Medicare Laboratory Test Expenditures Increased in 2018 Despite New Rate Reductions
On August 14, the OIG published a Review of Medicare Part B spending for laboratory tests under the clinical lab fee schedule (CLFS) in 2018. The OIG found that total Medicare spending for clinical lab tests increased by $459 million from 2017 to 2018. Payment rates for 75% of tests decreased in 2018, but overall spending increased because of increased spending on genetic tests, the end of a discount on certain chemistry tests, and the move to a single national fee schedule. The OIG stated that continued oversight of genetic testing will be important, as even a small number of inappropriate tests could lead to extremely high spending. It also recommended that CMS seek legislative authority to establish a mechanism to control costs for automated chemistry tests.

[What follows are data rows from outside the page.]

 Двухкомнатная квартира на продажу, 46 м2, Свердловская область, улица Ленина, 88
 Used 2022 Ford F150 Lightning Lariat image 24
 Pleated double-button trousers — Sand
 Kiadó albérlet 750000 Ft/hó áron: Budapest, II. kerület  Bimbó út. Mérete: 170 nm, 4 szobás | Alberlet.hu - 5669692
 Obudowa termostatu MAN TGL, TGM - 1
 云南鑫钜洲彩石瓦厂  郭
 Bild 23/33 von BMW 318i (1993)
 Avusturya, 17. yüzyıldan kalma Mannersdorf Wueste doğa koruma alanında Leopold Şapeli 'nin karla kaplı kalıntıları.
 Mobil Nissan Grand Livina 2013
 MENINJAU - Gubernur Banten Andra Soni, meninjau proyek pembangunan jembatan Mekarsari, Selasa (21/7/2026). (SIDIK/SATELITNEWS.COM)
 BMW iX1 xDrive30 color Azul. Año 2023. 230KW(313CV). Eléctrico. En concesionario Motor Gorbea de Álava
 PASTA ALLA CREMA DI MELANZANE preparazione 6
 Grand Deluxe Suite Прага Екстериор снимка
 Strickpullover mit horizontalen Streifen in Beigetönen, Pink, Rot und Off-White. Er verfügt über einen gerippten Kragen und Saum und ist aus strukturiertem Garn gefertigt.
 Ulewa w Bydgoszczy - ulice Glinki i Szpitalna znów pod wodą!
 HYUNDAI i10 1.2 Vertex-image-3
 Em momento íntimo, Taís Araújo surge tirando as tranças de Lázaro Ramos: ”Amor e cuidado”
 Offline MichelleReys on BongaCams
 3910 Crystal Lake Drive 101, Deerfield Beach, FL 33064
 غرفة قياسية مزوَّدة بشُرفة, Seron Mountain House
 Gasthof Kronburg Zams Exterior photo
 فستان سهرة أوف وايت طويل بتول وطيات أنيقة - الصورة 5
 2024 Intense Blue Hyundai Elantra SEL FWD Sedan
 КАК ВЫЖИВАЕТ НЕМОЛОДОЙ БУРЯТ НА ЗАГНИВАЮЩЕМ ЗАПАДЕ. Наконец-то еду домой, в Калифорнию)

Trump Administration Has Issued More Than $15 Million in Fines to Nursing Homes During COVID-19 Pandemic
On August 14, CMS published a Press Release to announce it has imposed more than $15 million in civil money penalties across more than 3,400 nursing homes nationwide during the PHE for noncompliance with infection control requirements and failure to report COVID-19 data. CMS has completed infection control surveys in over 99.2% of nursing homes and found more than 180 immediate jeopardy-level findings, triple the rate of the deficiencies found in 2019. It also cited more than 3,300 deficiencies in nursing homes reporting COVID-19 data.
Changes to the Laboratory National Coverage Determination (NCD) Edit Software for October 2020
On August 14, CMS published Medicare Claims Processing Transmittal 10305, which rescinds and replaces Transmittal 10215, dated July 10, 2020, to update the codes in the spreadsheet for NCD 190.15. The original transmittal was issued regarding changes in the laboratory NCD code lists for October 2020.
CMS published MLN Matters 11889 on the same date to accompany the transmittal.